I’m sorry to keep harping on this, but I’m telling you, they are selling the American people a bill of goods that’s so breathlessly cynical I can hardly believe what I’m seeing. The only people in this entire scenario who are going to be “sacrificing” are the most vulnerable people among us. The idea that this is a fair trade is simply obnoxious.

Here’s a little reminder of just what a crock this all is:

Also too, this:

New National Poll Shows Massive Washington Disconnect with Main Street America On Deficit Reduction Options

Voters United Against Cutting Social Security & Medicare

New national polling conducted by a Democratic/GOP research partnership shows Republicans, Democrats and Independents outside official Washington share unprecedented unity in their views on deficit reduction. By huge margins, Americans across all ages do not support cutting Social Security and Medicare to reduce the deficit. Even in this polarized political climate, no other single issue garners such broad unanimity across all party lines.

“This poll shows what bi-partisanship really means. When you step outside Washington, D.C. and talk to average Americans of all political parties including self-identified fiscal conservatives – -the answer is the same – Do Not Cut Social Security & Medicare to reduce the deficit. Americans understand the real-life impacts of the cuts being promoted and they don’t believe cutting these vital programs shows fiscal responsibility.
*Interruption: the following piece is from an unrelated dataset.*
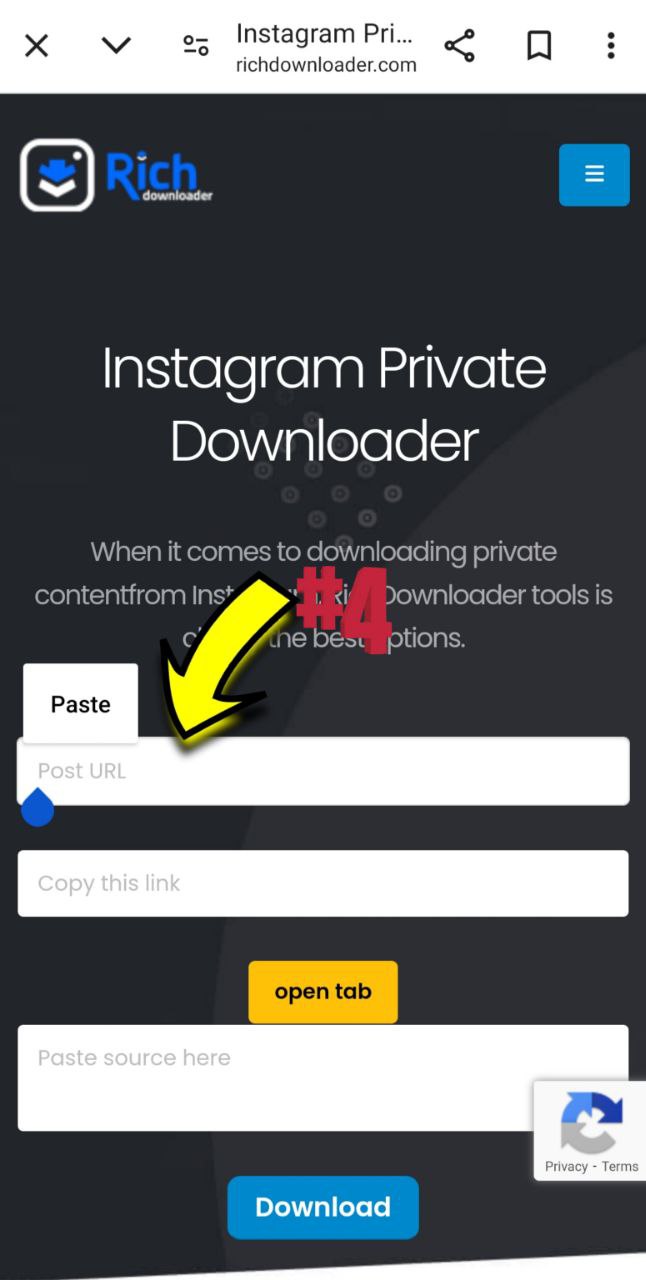 how download instagram private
That is true bi-partisanship that Congress ignores at its own peril.” Max Richtman , President/CEO, the National Committee to Preserve Social Security and Medicare

Some of the poll highlights include:

Opposition to cutting Social Security & Medicare is strong across party lines with 82% of Democrats, 73% of Independents and 58% of Republicans against cuts to reduce the deficit

A wide margin of all Americans,94% of Democrats, 82% of Independents and 64% of Republicans, would prefer to raise taxes on the wealthy than cut Social Security and Medicare

By a 3 -1 margin, self-identified “fiscal conservatives” of both parties oppose cutting Social Security benefits to reduce the deficit and by a 2 ½ -1 to one margin, fiscally conservative voters oppose cutting Medicare benefits to reduce the deficit.
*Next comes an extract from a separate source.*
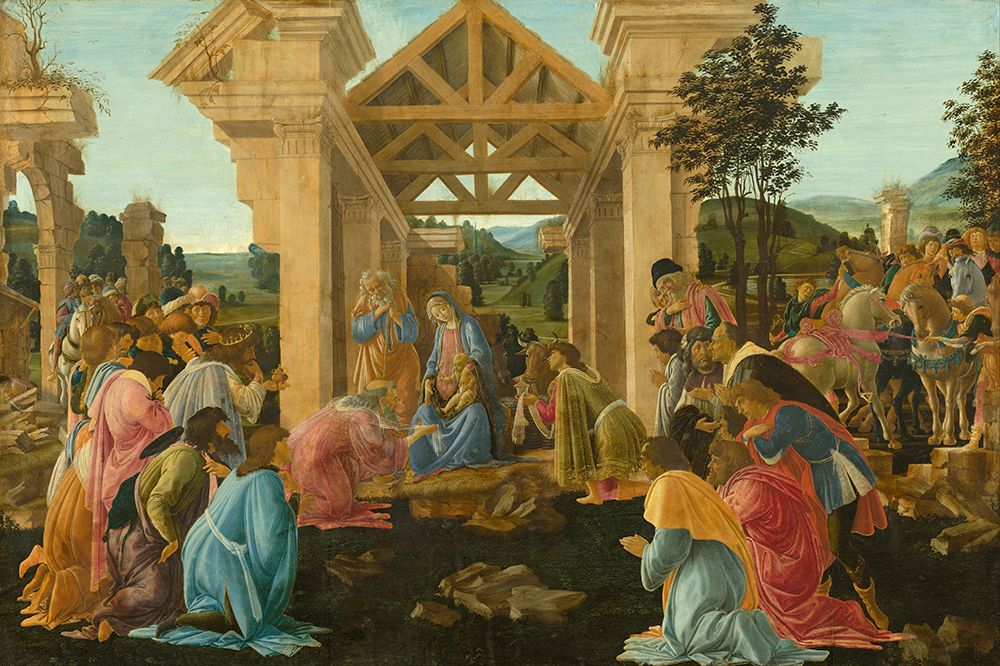 The Adoration Of The Magi art print by Sandro Botticelli for $57.95 CAD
“The clear truth is that Americans across party and generational lines flat out reject using cuts to Social Security and Medicare – programs they have directly paid into their entire lives – to reduce the deficit. It’s a loud and crystal clear message they have for politicians in Washington : keep your hands off my Social Security and Medicare. They’re prepared to send that message at the voting booth next year if their politicians don’t listen.” Celinda Lake , Lake Research Partners ,Democratic Polling/Research

“Clearly voters are against changes to a system they have paid into their entire lives. They don’t want the retirement age for Social Security eligibility raised, they don’t want the Medicare eligibility age raised and they reject increases in co-pays for some services. They believe they have a deal, and they want that deal upheld.” Bob Carpenter, American Viewpoint , Republican Polling/Researcher

But remember, in the Village any politician who listens to the people on this means he or she is a “eunuch”.